Прошло несколько дней, и мальчику суждено было увидеть редкую и величественную картину, которая навсегда осталась в его памяти. Вместе с двумя ребятами из соседней квартиры он пошел к Тверской заставе и увидел въезд государя Николая Александровича в Москву для священного коронования. По обычаю предков, государь на белом коне, окруженный великими князьями, генералитетом и свитой, следовал из Петровского дворца в Кремль. Золоченая карета Императрицы, менее пышные, но тоже великолепные кареты иностранных принцев, владетельных особ, великих княгинь и княжон, послов, статс-дам, высших чинов правительства и двора, крики и приветствия народа, гром пальбы, звуки музыки, перезвон колоколов всех сорока сороков Белокаменной мальчику казалось, что он бредит или видит какой-то сказочный сон.
Время шло незаметно, и молодой Алексеев, помещенный отцом в учение к ювелиру, стал уже работать из золота серьги и добывать себе на пропитание. Жизнь его была в то время не только тяжелая и грязная, но прямо-таки невыносимая: он должен был вычистить обувь хозяину и его большой семье, наносить воды, натаскать дров, а потом целый день работать в мастерской.
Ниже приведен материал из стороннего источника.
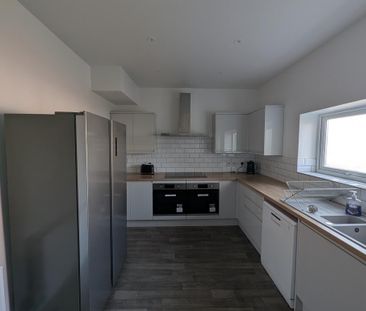 1 bedroom house of multiple occupation to rent - Photo 5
За малейшую оплошность от пьяных подмастерьев ему попадал по голове «корнер» (отлитое в круглый шарик золото), и такие «корнеры» сыпались безо всякого разбору. Домой мальчика отпускали только раз в месяц.
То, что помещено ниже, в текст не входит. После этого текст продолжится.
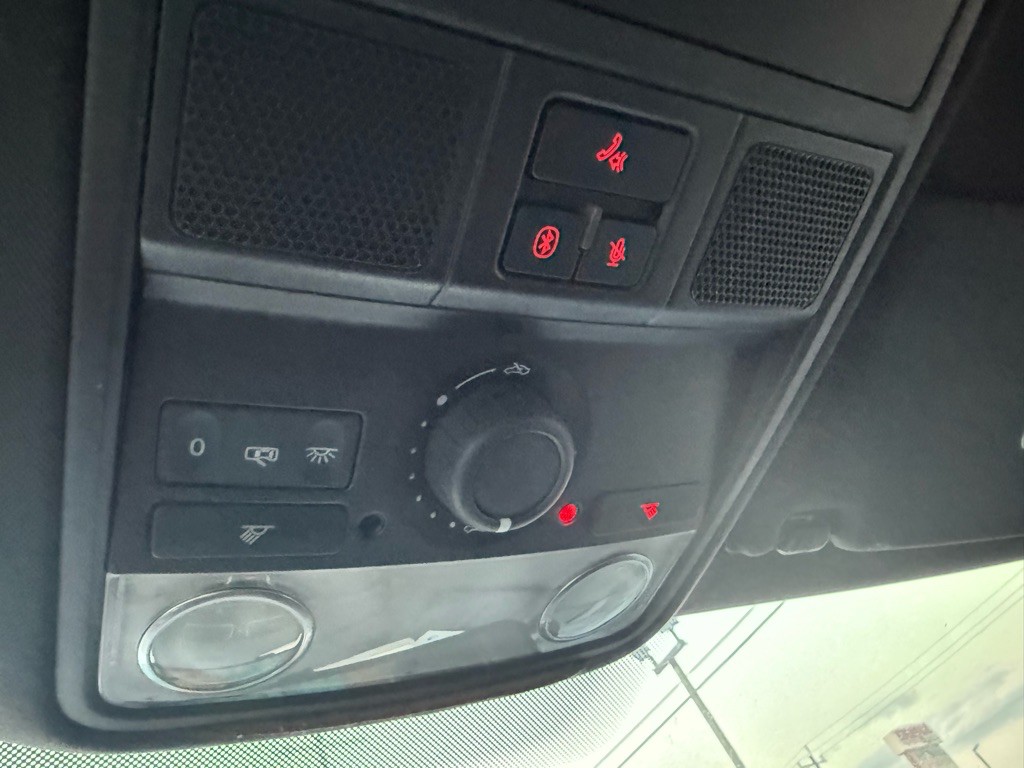 2011 Volkswagen GTI Image 48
Сошелся он с двумя квартирантами матери, которые служили рисовальщиками по камню. Это были литографы ребята молодые, чисто одетые, и говорили они все «про художество». «Бывало, рассказывал Алексеев, придешь к ним, оправишь постель, сядешь и слушаешь, а они говорят про картины, театры, писателей-классиков. И страшно захотелось мне все это изведать, узнать и пойти по их ремеслу. Задумал я тогда уйти от золотариков, а «тушисты», так называли их тогда (от французского toucher отделывать), обещали учить рисовать и тоже советовали бросить хозяина. Долго я не мог решиться бросить место, так как отец был очень строг и ослушаться его тогда было равно смерти, а все же решился и в один прекрасный день ушел. Побил меня отец за это жестоко, назвав дармоедом, и бил до тех пор, пока я не стал получать жалование».